TASK REQUIREMENTS: Output exactly the lines below, starting with the line that has "Siyah Fularlı Tensel Gömlek" and going on through the line that has "Yrene Fluted Ao", both included, and no other lines.

INPUT FOR THIS TASK:
========================================
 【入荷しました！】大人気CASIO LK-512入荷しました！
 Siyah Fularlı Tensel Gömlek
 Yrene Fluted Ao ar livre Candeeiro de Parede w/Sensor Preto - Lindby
========================================
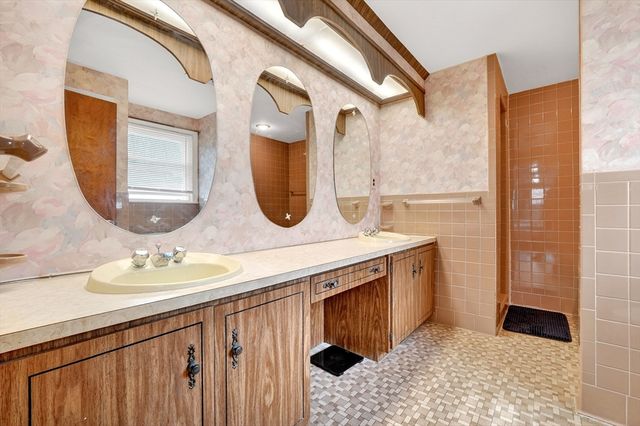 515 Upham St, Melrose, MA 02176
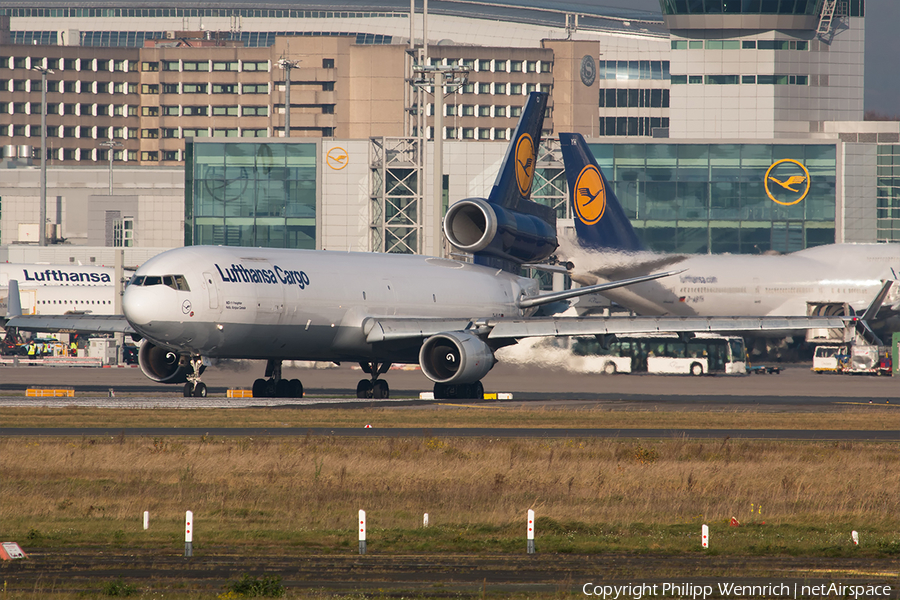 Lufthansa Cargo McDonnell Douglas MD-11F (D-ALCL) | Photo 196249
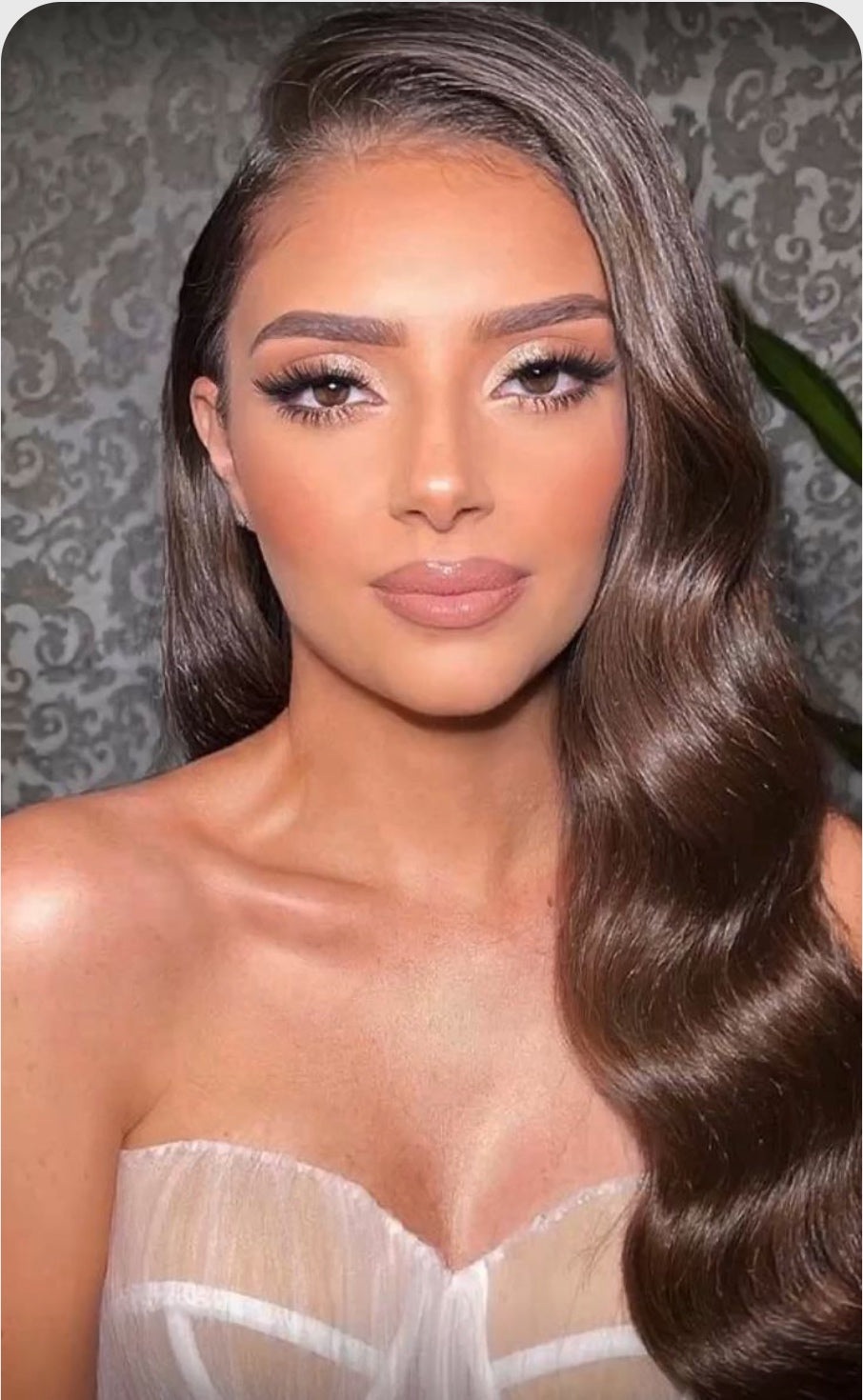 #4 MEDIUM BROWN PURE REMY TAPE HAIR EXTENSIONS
========================================
FINAL ANSWER:
 Siyah Fularlı Tensel Gömlek
 Yrene Fluted Ao ar livre Candeeiro de Parede w/Sensor Preto - Lindby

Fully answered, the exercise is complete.